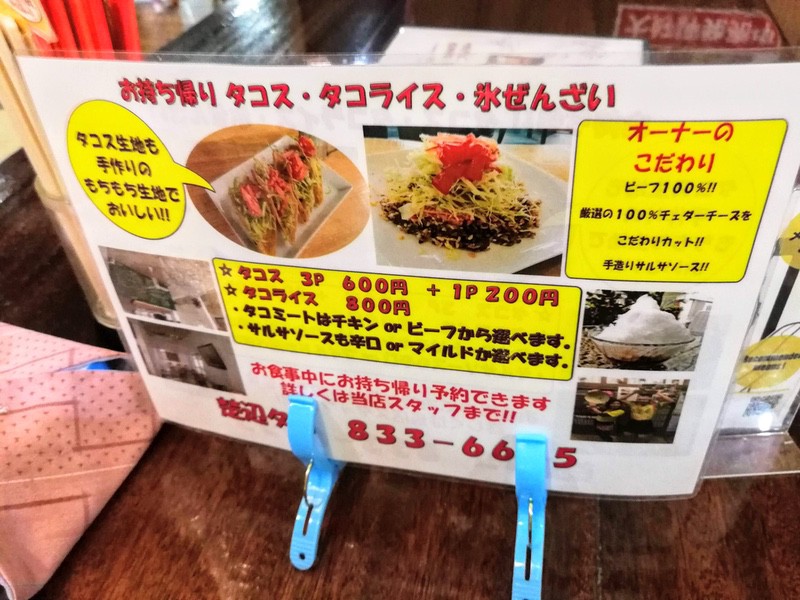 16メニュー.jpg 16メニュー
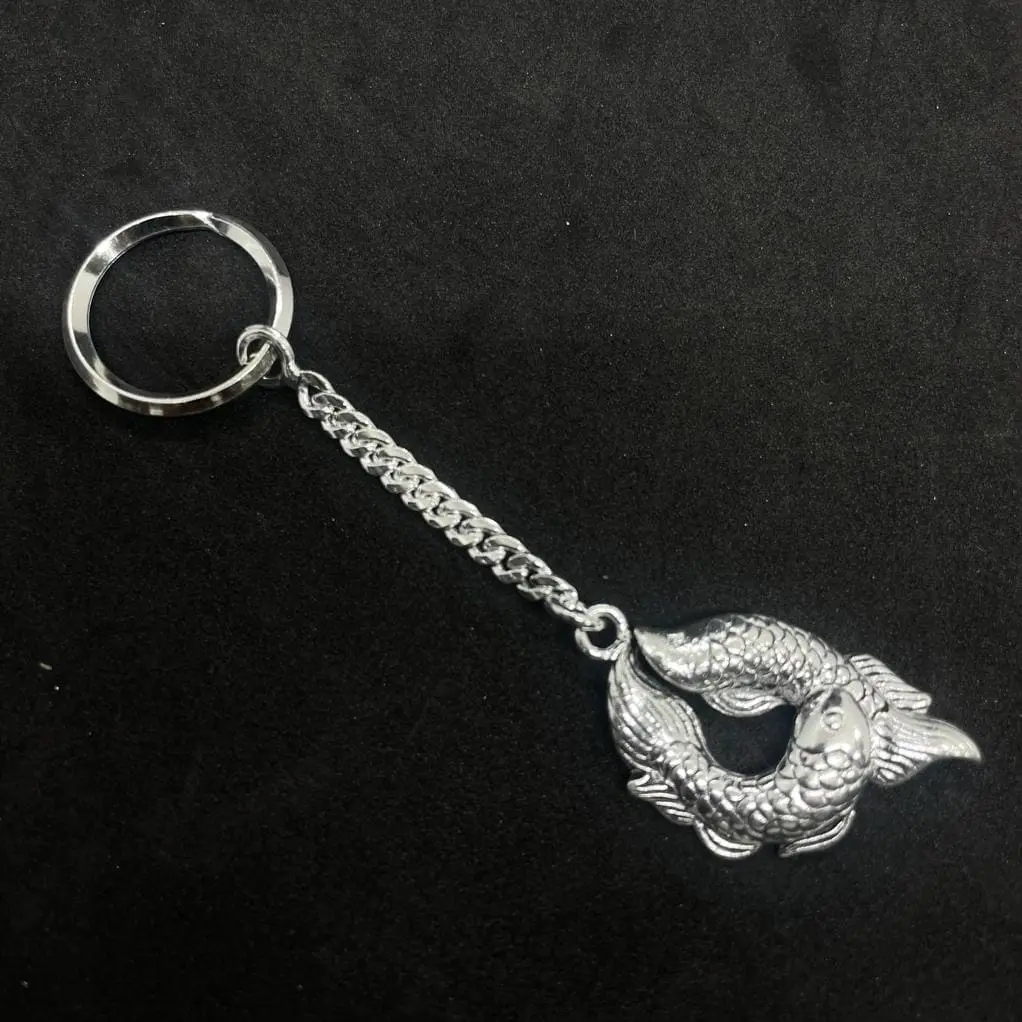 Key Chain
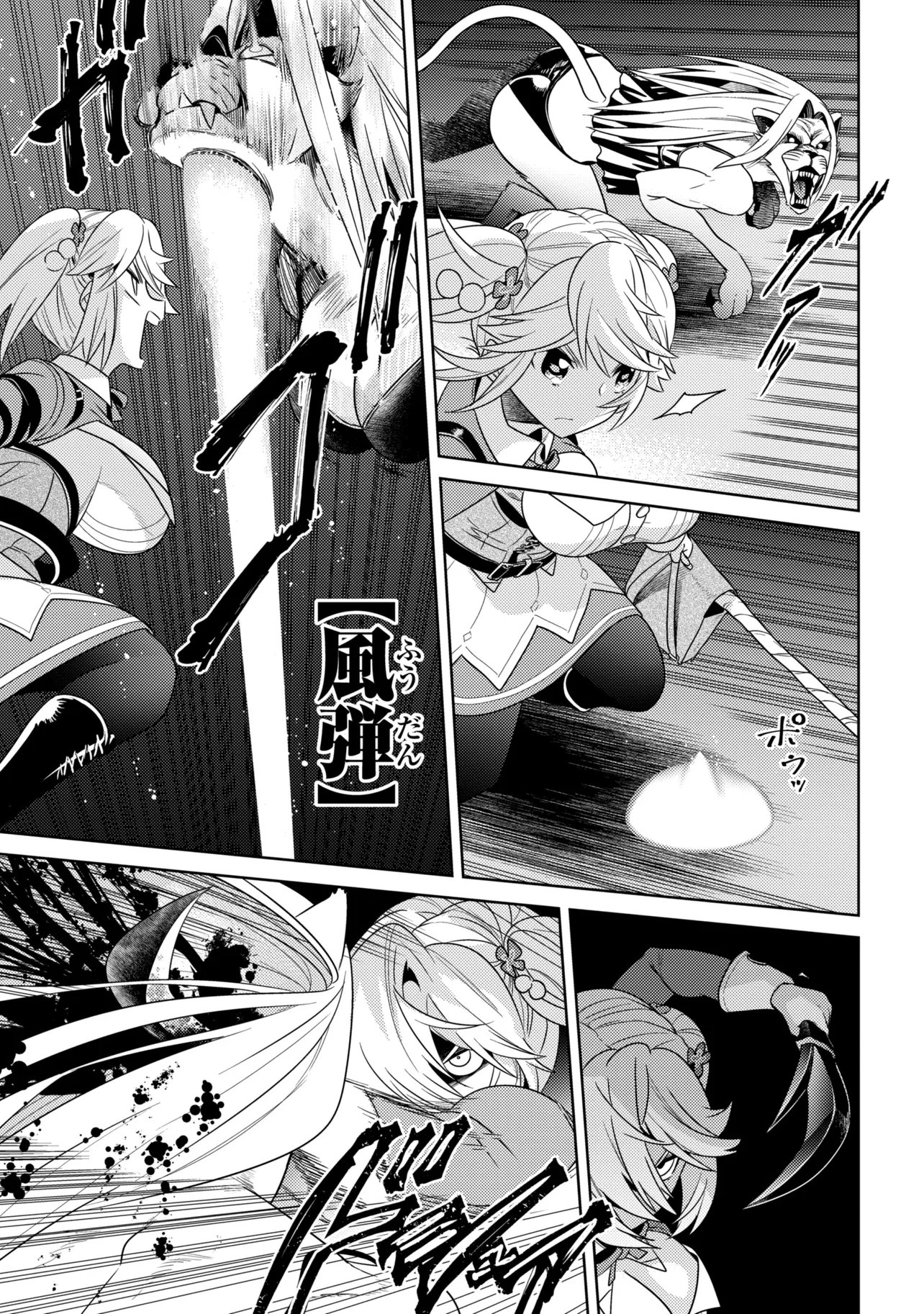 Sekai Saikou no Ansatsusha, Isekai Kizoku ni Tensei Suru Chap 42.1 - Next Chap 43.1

-*-

EXERCISE BRIEF
Write the listing out exactly, word for word, but omit the pictures.

TASK RESULT
 16メニュー.jpg 16メニュー
 Key Chain
 Sekai Saikou no Ansatsusha, Isekai Kizoku ni Tensei Suru Chap 42.1 - Next Chap 43.1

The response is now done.